We found that the ACSI card was very acceptable at all the places we went this year in France and Holland, no questions at all, just produce the card and job done.

Ours came 10 days ago, the books a few days later.

Peter


----------



## Zebedee (Oct 3, 2007)

Which ACSI card peter?

You are confusing me! :lol: :lol: :lol:


----------



## ChrisandJohn (Feb 3, 2008)

Sorry Dave, but I don't see how the fact that YOU have, in YOUR possession two quite different cards with clear explanations of their use is going to put an end to confusion on the forum, :lol: :lol: :roll: 

It seems to me that the confusion stems from the existence of the two cards, with similar names, which are often misquoted or insufficiently explained by posters. It's not unlike being asked to distinguish between The Caravanning Club and The Camping & Caravan Club and say which is best to join. 

The fact that you were sussed enough about the two ACSI cards to order both will not, of itself, end the confusion of others who have not yet gone through this rite of passage. Long may we have to answer such questions. Without them this forum could shrivel up and die. 8O :lol: 


Chris


----------



## ChrisandJohn (Feb 3, 2008)

listerdiesel said:


> We found that the ACSI card was very acceptable at all the places we went this year in France and Holland, no questions at all, just produce the card and job done.
> 
> Ours came 10 days ago, the books a few days later.
> 
> Peter


See what I mean? :lol: :lol:


----------



## Zebedee (Oct 3, 2007)

Probably an accurate prediction Chris - but you miss the point a bit.

The difference this year is in the wording across the right hand edge of the cards, particularly on the ID card where it clearly states that no discount will be given. I don't know if it was the same on the 2013 card 'cos I didn't have one, but I doubt it, or surely there would not have been the long drawn out discussions/arguments that took place.

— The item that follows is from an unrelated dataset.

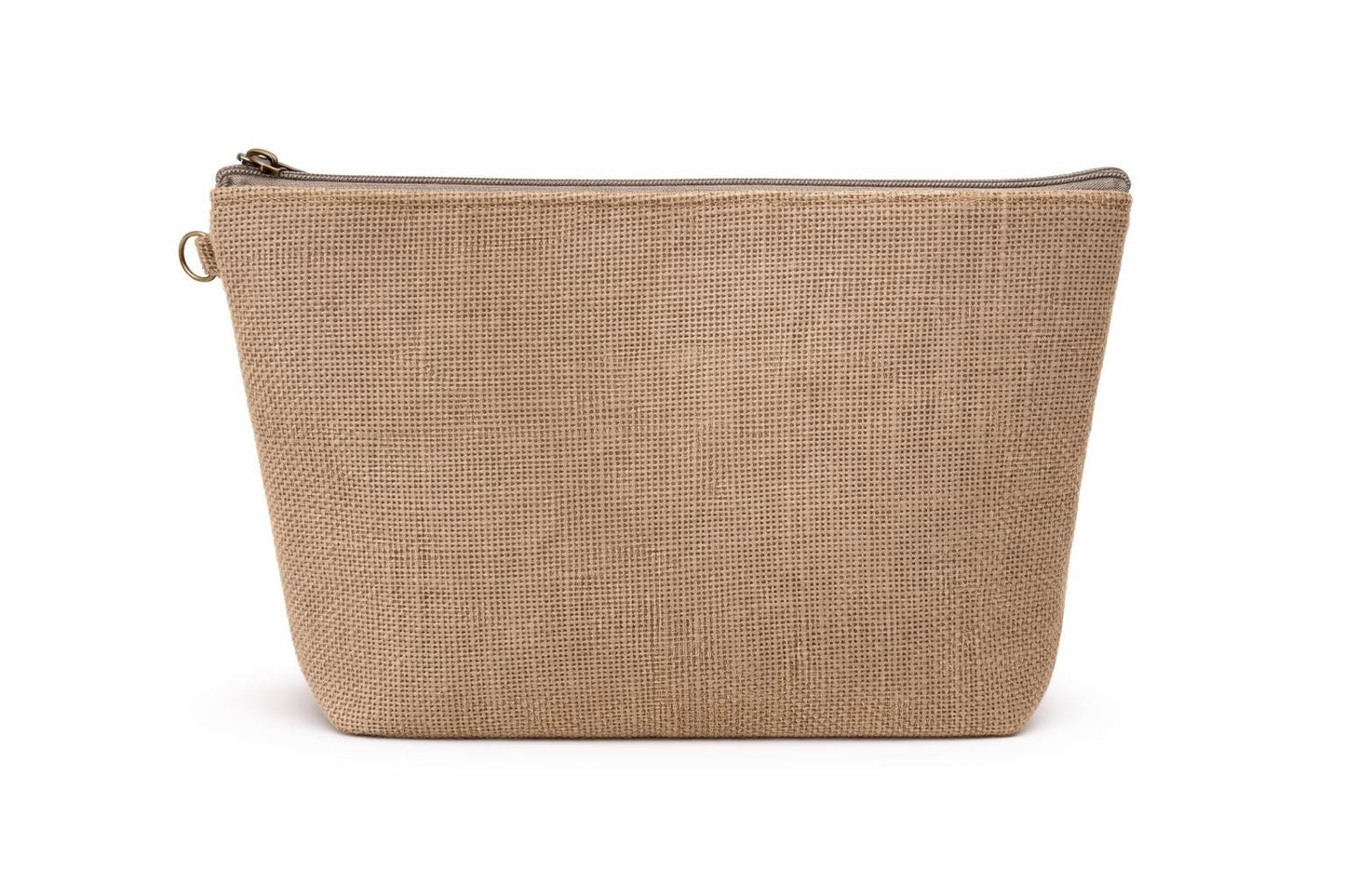 DAISY- pochette jute broderie Marguerites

In fact, I'm sure you are correct, since it's so easy to skim-read and fail to take in all the information and implications. I'm as dozy as the next person when it comes to that - and was just trying to help avoid future problems.

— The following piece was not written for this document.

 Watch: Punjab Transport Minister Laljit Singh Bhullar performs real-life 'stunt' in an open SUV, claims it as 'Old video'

Some poor devils bought the ID card because it was a lot cheaper, then found out (_too late 8O _) that they were not eligible for the discount when they arrived at an ACSI campsite.

Dave


----------



## tonyt (May 25, 2005)

Nice one Dave.

You wrote that so well, clear and concise, with no ambiguities, how about doing a couple more?

The ones that come to mind are A Frames in Spain, Reversed Polarity and Gassing.

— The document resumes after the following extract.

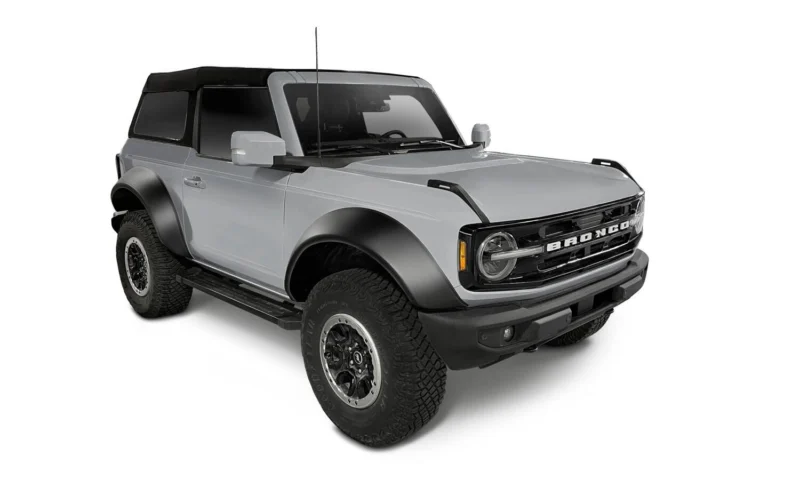 Bushwacker 20966-02 - Extend-A-Fender Flares, Black, Smooth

I'm sure we would all benefit from similar explanations to avoid any future misunderstandings.

I can imagine that other MHFers could come up with a few more items for your job list.

Happy New Year


----------



## listerdiesel (Aug 3, 2012)

Both cards, the ID card comes separately from the books as I mentioned.

Peter


----------



## Zebedee (Oct 3, 2007)

Dare I mention that there are (_even more confusingly_ :roll: ) two ACSI Apps for the smart phone?

One of them lists *all* the ACSI sites, while the other is restricted to those in the discount scheme, and needs the code printed on the discount card - the one in the cover of the book.

No - I don't think I dare! :lol:

We'll leave that one for after 1st Jan, when we can activate the App and get all the details for 2015.

Dave

P.S. Homework for them as wants to read all about it! :wink:

http://www.campingcard.co.uk/extra-information/app/


----------



## caulkhead (Jul 25, 2007)

Zebedee said:


> Dare I mention that there are (_even more confusingly_ :roll: ) two ACSI Apps for the smart phone?
> 
> One of them lists *all* the ACSI sites, while the other is restricted to those in the discount scheme, and needs the code printed on the discount card - the one in the cover of the book.
> 
> ...


________________________________________________

I wonder how many people have downloaded the CC App since receiving their 2015 books WITHOUT reading all the bumf and will discover that it stops working at midnight on Dec 31st?

Caulkhead


----------



## Zebedee (Oct 3, 2007)

> caulkhead said:- I wonder how many people have downloaded the CC App since receiving their 2015 books WITHOUT reading all the bumf and will discover that it stops working at midnight on Dec 31st?


Yes indeed.

And I wonder if they will have to pay again to get the 2015 version to activate?

Only a few quid, but I bet there will be some gnashing of teeth if they do have to fork out again!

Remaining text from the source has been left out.